Re: [PATCH v2 6/6] crypto: lib/sha - Combine round constants and message schedule

From: Arvind Sankar
Date: Wed Oct 21 2020 - 11:16:09 EST


On Tue, Oct 20, 2020 at 09:36:00PM +0000, David Laight wrote:
> From: Arvind Sankar
> > Sent: 20 October 2020 21:40
> >
> > Putting the round constants and the message schedule arrays together in
> > one structure saves one register, which can be a significant benefit on
> > register-constrained architectures. On x86-32 (tested on Broadwell
> > Xeon), this gives a 10% performance benefit.
>
> I'm actually stunned it makes that much difference.
> The object code must be truly horrid (before and after).
>
> There are probably other strange tweaks that give a similar
> improvement.
>
> David
>

Hm yes, I took a closer look at the generated code, and gcc seems to be
doing something completely braindead.

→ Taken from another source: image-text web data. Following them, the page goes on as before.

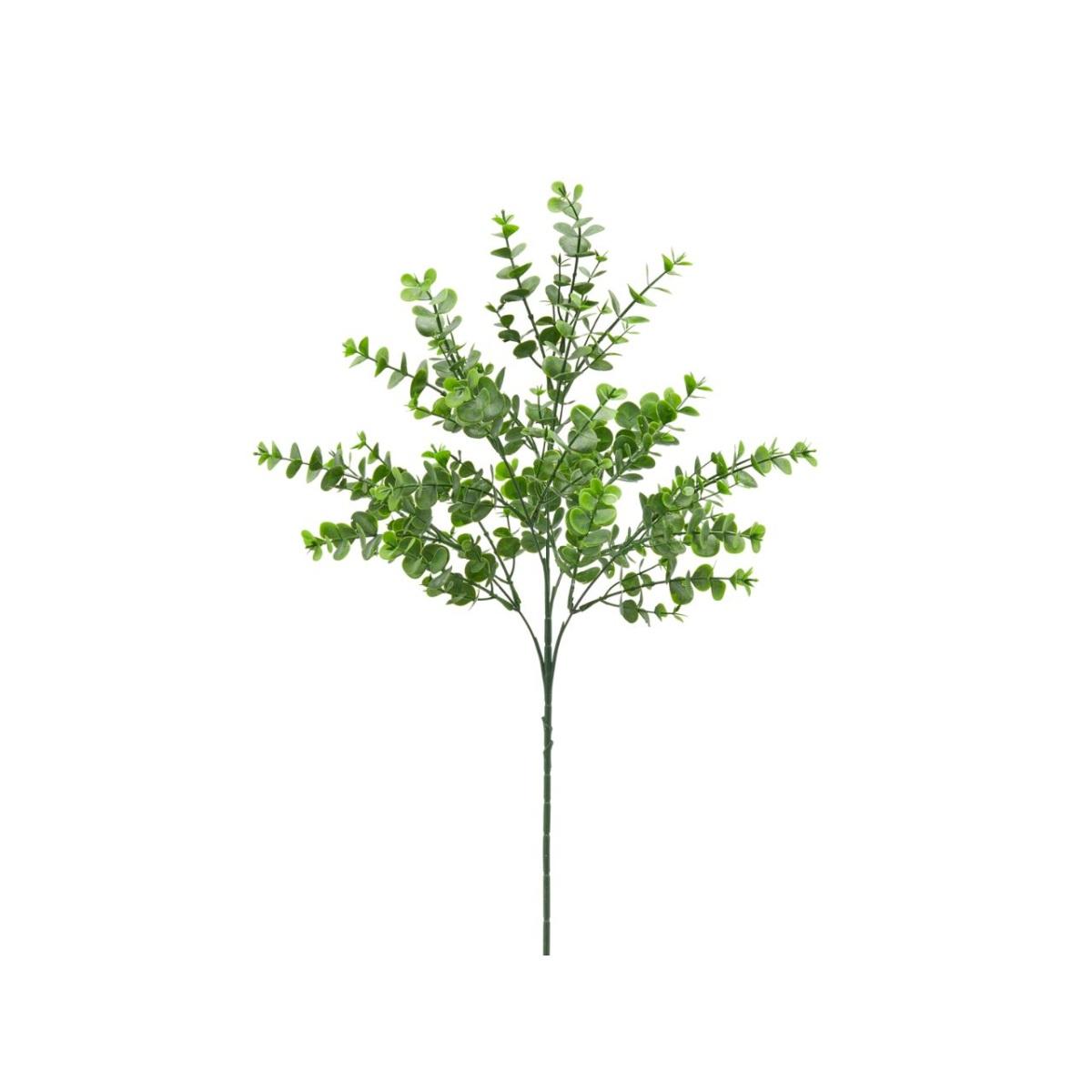 Eucalipto ramo h.63cm verde 2300124a772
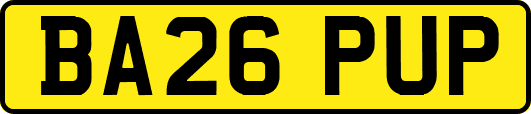 BA26PUP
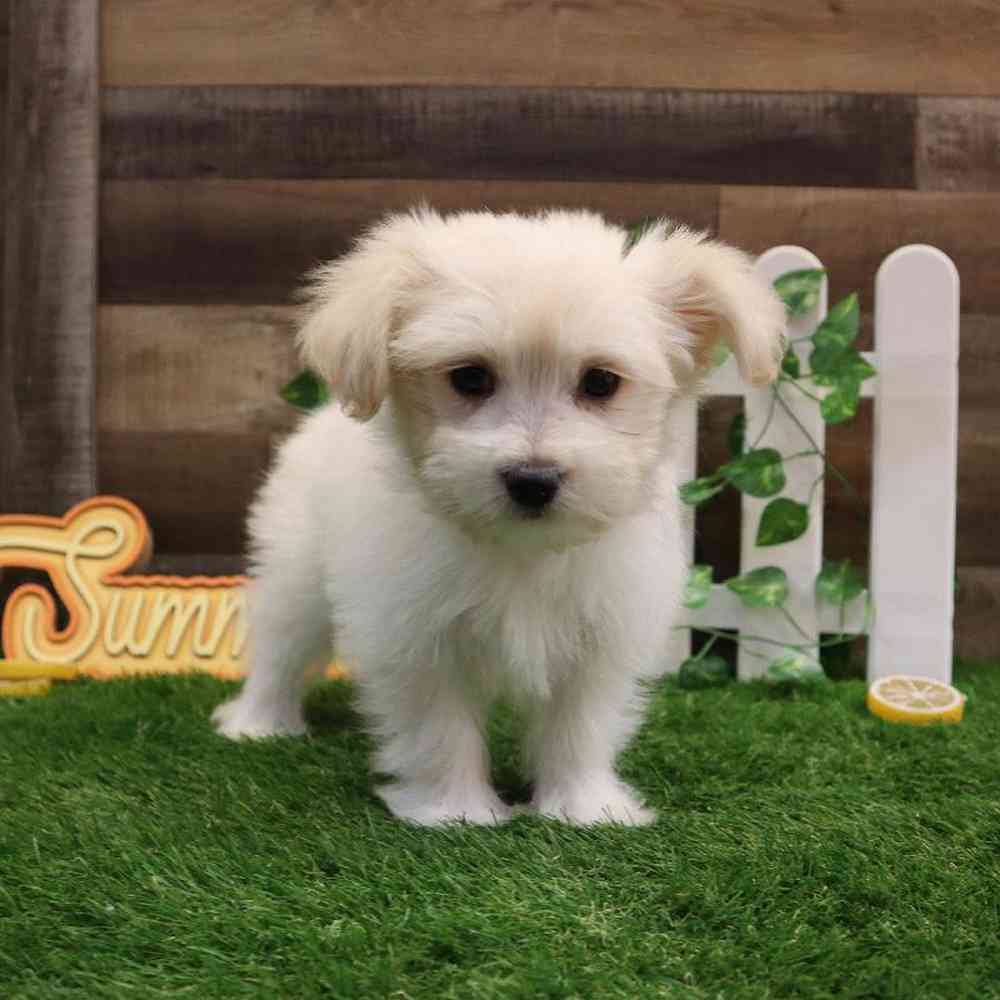 Female PomChi-Maltese Puppy for sale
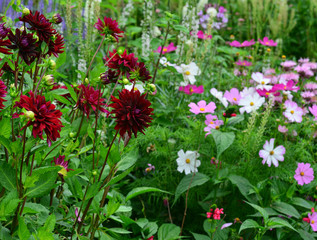 Dahlias in the English summer flower border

Before this change, it actually
copies 8 words at a time from SHA256_K onto the stack, and uses those
stack temporaries for the calculation. So this patch is giving a benefit
just because it only does the copy once instead of every time around the
loop.

It doesn't even really need a register to hold SHA256_K since this isn't
PIC code, it could just access it directly as SHA256_K(%ecx) if it just
multiplied the loop counter i by 4.